Tuesday, May 06, 2008

What "Expelled" tells us about the whole science-framing thing

I think the moronic creationist pseudo-documentary, Expelled, tells us the anti-science framing crowd can be wrong even when they're right.

The science framers, mostly Chris Mooney and Matt Nisbet, want to spin the discussion of science (in a good way, supposedly) to appeal the most to the target audience. The anti-framers, people like PZ Myers and Greg Laden, say science shouldn't be spun, a cacophony of voices is just fine, and strident opposition to stupidity is effective. The debate plays out repeatedly at the scienceblogs.com websites.

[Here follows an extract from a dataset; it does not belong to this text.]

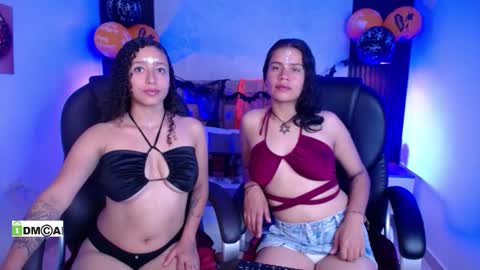 alondraandsweet online show from October 15, 2025, 4:56 am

As of today, Expelled has made $6.6 million, and will certainly be the fifth highest-grossing political documentary in history. The pro-framers have said the anti-framers should shut up about the movie, and argued that constantly talking about it has made it successful. The anti-framers claim the movie isn't successful.

The anti-framers are wrong on two counts. First, the movie's clearly successful by any non-ridiculous standards. Second, one of the framing concepts is that people will not accept any fact that contradicts their mental model of the world, and the anti-framers' refusal to acknowledge the movie's commercial success is itself a proof of this framing concept.

Despite all this, I throw in with the anti-framers in general. I think science is or at least should be more like a cacophony of opinions being tested out, and science communication should reflect that. And strident opposition to creationist nonsense can be refreshing. But the anti-framers need to acknowledge the evidence wherever it goes, and not acknowledging it here is ridiculous.

One tangential point I haven't seen raised: when to see Expelled. I don't think there's much point in seeing it, but if people do want to, they shouldn't go until after it's been in the theater where they're thinking of going for over two weeks. Expelled's producers get a much bigger cut of ticket revenues in the first two weeks, so waiting reduces the amount they take in.